Let $f : \mathbb{R}^n \rightarrow \mathbb{R}$ be a $C^2$ function (having continuous first and second derivatives). Define $g(z):=f(Az+b)$, $\forall z \in \mathbb{R}^n$ for a matrix $A \in \mathbb{R}^{n\times n}$ and a vector $b \in \mathbb{R}^n$. Show that $$\nabla g(z)=A^{\top} \nabla f(x)$$
My try:
I know we can write $\nabla g(z)=\frac{\partial x}{\partial z}\nabla f(x)=A^{\top} \nabla f(x)$ but I want to show it using matrix manipulation. Please complete my derivation or comment on that.

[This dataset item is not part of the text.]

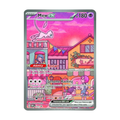 Colorful Mew ex trading card featuring HP 180, abilities Restart and Genome Hacking, with a pink background and building illustration.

$$ \nabla g(z) = \begin{bmatrix} \frac{\partial g(z)}{\partial z_1}\\ \vdots\\ \frac{\partial g(z)}{\partial z_n} \end{bmatrix} = \begin{bmatrix} \frac{\partial }{\partial z_1}f(x)\\ \vdots\\ \frac{\partial}{\partial z_n}f(x) \end{bmatrix} = \begin{bmatrix} \frac{\partial }{\partial z_1}\frac{\partial x_1}{\partial x_1}f(x)\\ \vdots\\ \frac{\partial}{\partial z_n}\frac{\partial x_n}{\partial x_n}f(x) \end{bmatrix} = \begin{bmatrix} \frac{\partial x_1}{\partial z_1}\frac{\partial }{\partial x_1}f(x)\\ \vdots\\ \frac{\partial x_n}{\partial z_n}\frac{\partial }{\partial x_n}f(x) \end{bmatrix} \tag{1} $$
On the other hand,
$$ x_i=[x]_{i1}=[Az+b]_{i1}=\sum_{k=1}^n a_{ik}z_{k1}+[b]_{i1} $$ Therefore, $$ \frac{\partial x_i}{\partial z_i}=\frac{\partial [x]_{i1}}{\partial z_{i1}} = a_{ii} \tag{2} $$
I cannot match $(1)$ using $(2)$. Could you please revise my derivation or complete it?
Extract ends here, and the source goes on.